Type again, exactly, the lines below from the start through the line that includes "29.06.2025. Formula 1".

Crawled caption data:
****************
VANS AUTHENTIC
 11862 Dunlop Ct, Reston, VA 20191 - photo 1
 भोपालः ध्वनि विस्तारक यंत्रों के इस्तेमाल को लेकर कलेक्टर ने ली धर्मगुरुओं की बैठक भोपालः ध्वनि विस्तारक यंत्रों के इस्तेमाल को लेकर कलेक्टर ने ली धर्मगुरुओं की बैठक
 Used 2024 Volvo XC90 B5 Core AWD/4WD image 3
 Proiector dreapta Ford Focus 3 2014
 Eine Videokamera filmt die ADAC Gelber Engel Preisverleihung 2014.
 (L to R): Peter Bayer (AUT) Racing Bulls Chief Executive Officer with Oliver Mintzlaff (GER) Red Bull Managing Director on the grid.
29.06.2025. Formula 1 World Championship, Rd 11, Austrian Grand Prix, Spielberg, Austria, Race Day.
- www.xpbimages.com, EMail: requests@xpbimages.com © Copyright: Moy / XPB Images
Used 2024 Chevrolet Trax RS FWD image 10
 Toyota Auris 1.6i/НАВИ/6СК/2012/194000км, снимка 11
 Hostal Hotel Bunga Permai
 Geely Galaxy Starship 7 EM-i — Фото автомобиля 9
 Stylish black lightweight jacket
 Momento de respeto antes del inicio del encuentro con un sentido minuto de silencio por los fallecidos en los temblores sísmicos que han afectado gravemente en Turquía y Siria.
****************
__ANSWER TO THIS EXERCISE__
VANS AUTHENTIC
 11862 Dunlop Ct, Reston, VA 20191 - photo 1
 भोपालः ध्वनि विस्तारक यंत्रों के इस्तेमाल को लेकर कलेक्टर ने ली धर्मगुरुओं की बैठक भोपालः ध्वनि विस्तारक यंत्रों के इस्तेमाल को लेकर कलेक्टर ने ली धर्मगुरुओं की बैठक
 Used 2024 Volvo XC90 B5 Core AWD/4WD image 3
 Proiector dreapta Ford Focus 3 2014
 Eine Videokamera filmt die ADAC Gelber Engel Preisverleihung 2014.
 (L to R): Peter Bayer (AUT) Racing Bulls Chief Executive Officer with Oliver Mintzlaff (GER) Red Bull Managing Director on the grid.
29.06.2025. Formula 1 World Championship, Rd 11, Austrian Grand Prix, Spielberg, Austria, Race Day.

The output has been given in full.